### Task item
Whatever appears in the records apart from pictures must be reproduced exactly.
▬▬▬▬▬▬▬▬▬▬
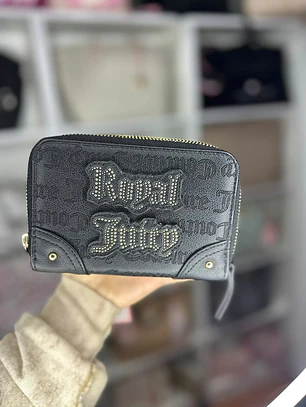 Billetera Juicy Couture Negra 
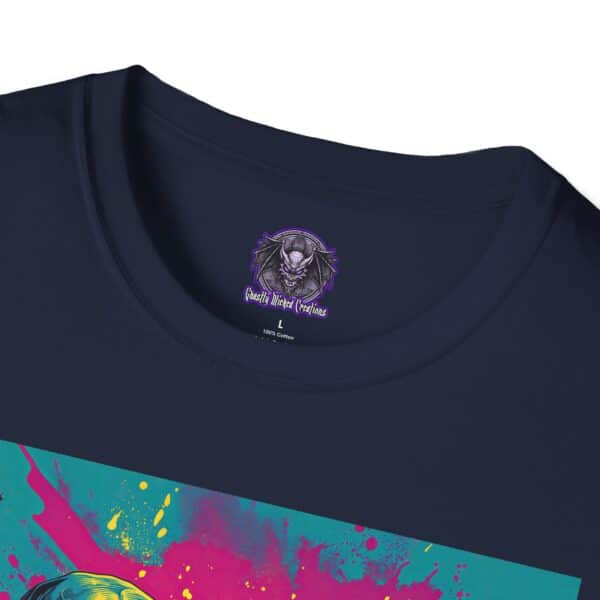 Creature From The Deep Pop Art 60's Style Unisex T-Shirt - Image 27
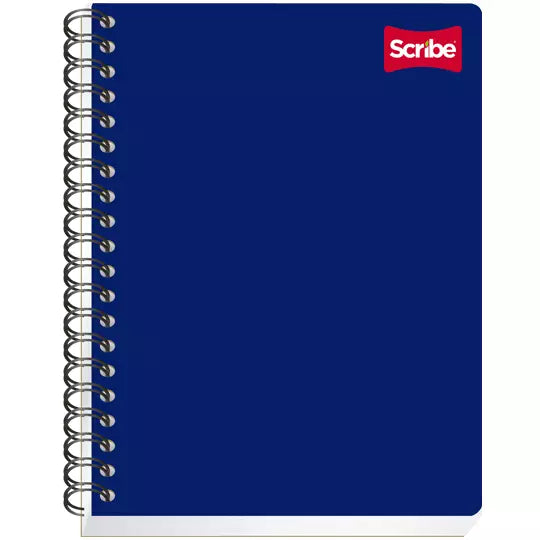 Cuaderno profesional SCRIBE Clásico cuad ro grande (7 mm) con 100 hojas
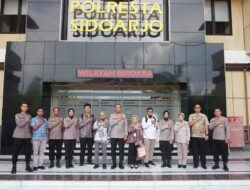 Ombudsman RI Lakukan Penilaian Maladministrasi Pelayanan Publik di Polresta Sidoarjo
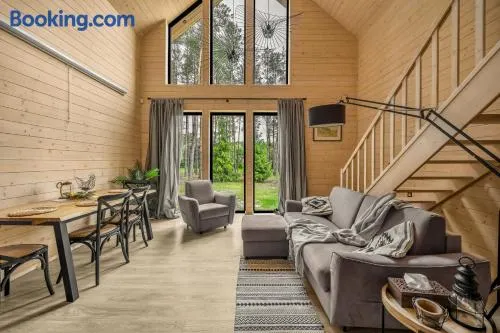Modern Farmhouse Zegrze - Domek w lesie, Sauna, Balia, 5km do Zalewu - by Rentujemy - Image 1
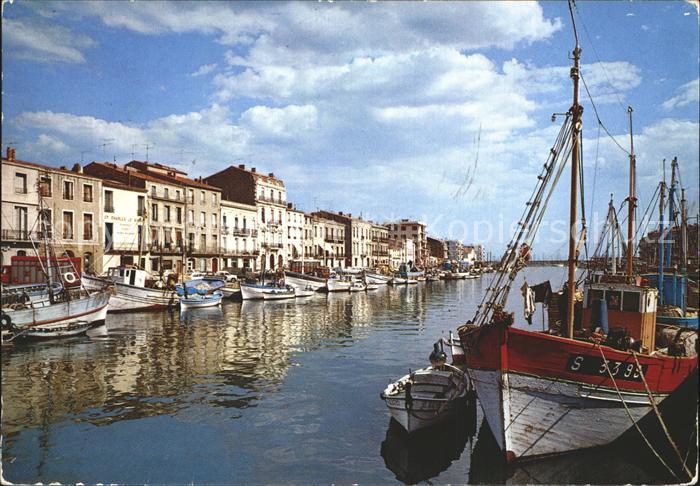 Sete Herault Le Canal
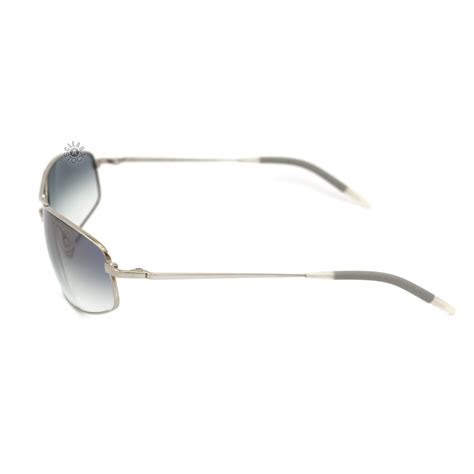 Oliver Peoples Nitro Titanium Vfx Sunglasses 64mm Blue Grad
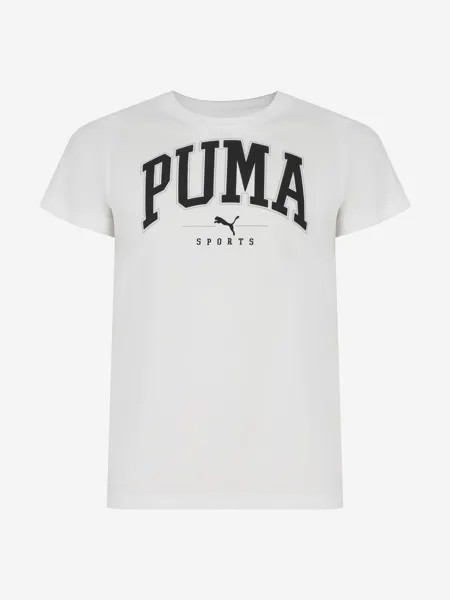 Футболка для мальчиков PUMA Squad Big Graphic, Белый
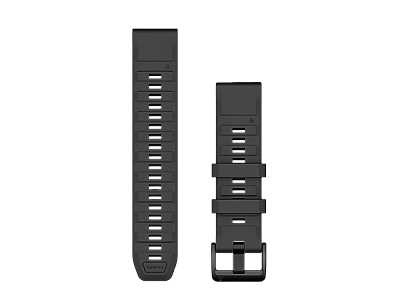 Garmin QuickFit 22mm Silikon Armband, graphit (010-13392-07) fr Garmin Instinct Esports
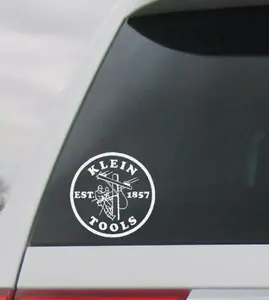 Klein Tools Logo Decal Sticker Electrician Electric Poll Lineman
▬▬▬▬▬▬▬▬▬▬
### Solution to the problem
 Billetera Juicy Couture Negra 
 Creature From The Deep Pop Art 60's Style Unisex T-Shirt - Image 27
 Cuaderno profesional SCRIBE Clásico cuad ro grande (7 mm) con 100 hojas
 Ombudsman RI Lakukan Penilaian Maladministrasi Pelayanan Publik di Polresta Sidoarjo
Modern Farmhouse Zegrze - Domek w lesie, Sauna, Balia, 5km do Zalewu - by Rentujemy - Image 1
 Sete Herault Le Canal
 Oliver Peoples Nitro Titanium Vfx Sunglasses 64mm Blue Grad
 Футболка для мальчиков PUMA Squad Big Graphic, Белый
 Garmin QuickFit 22mm Silikon Armband, graphit (010-13392-07) fr Garmin Instinct Esports
 Klein Tools Logo Decal Sticker Electrician Electric Poll Lineman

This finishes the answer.